> PROBLEM TO WORK ON
From the records below, print only the part that opens with the line containing "1604 E 13th ST LEHIGH ACRES, FL 33972" and closes with the line containing "vented pizza screen"; omit the pictures.

> DATA LISTING
....
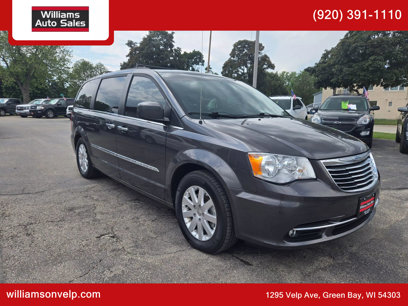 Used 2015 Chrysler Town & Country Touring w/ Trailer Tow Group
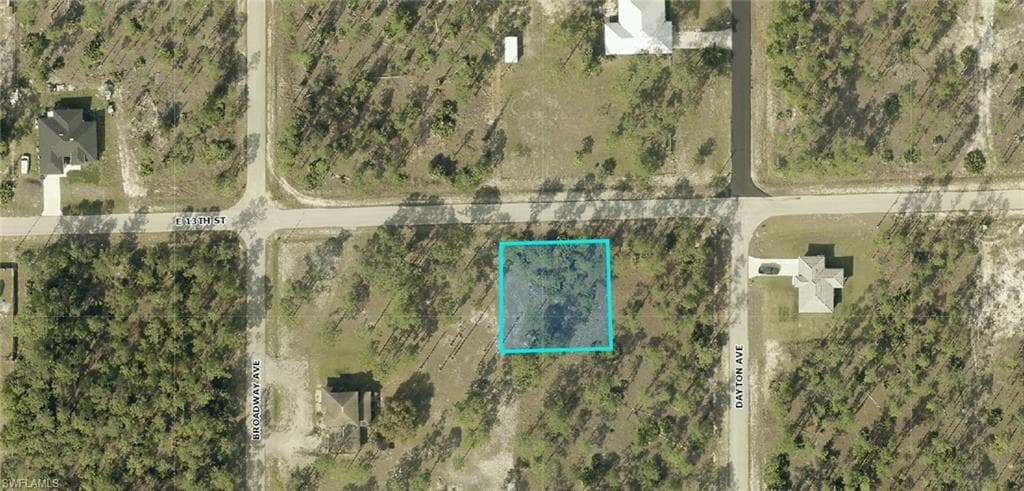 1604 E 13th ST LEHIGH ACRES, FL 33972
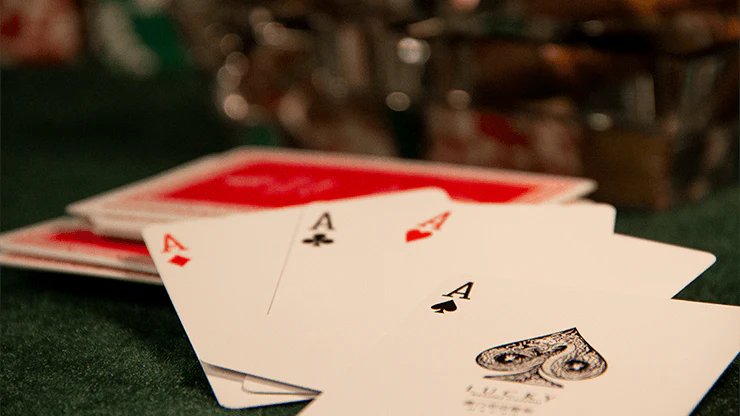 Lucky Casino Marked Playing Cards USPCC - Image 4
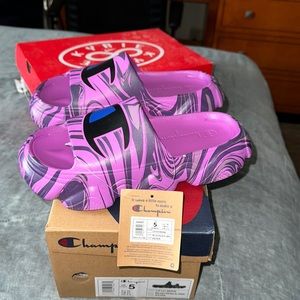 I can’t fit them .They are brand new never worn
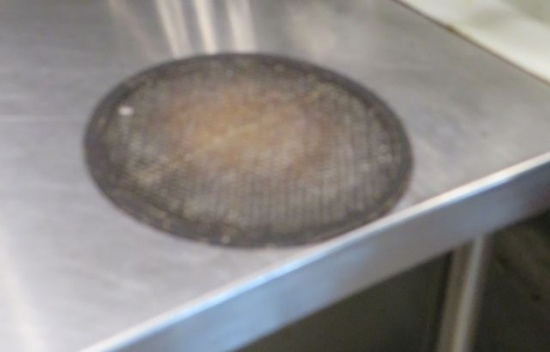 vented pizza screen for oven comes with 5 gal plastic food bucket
....
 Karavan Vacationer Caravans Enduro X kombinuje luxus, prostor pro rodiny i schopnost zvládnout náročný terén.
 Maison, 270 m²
....
> SOLUTION TO THIS EXERCISE
 1604 E 13th ST LEHIGH ACRES, FL 33972
 Lucky Casino Marked Playing Cards USPCC - Image 4
 I can’t fit them .They are brand new never worn
 vented pizza screen for oven comes with 5 gal plastic food bucket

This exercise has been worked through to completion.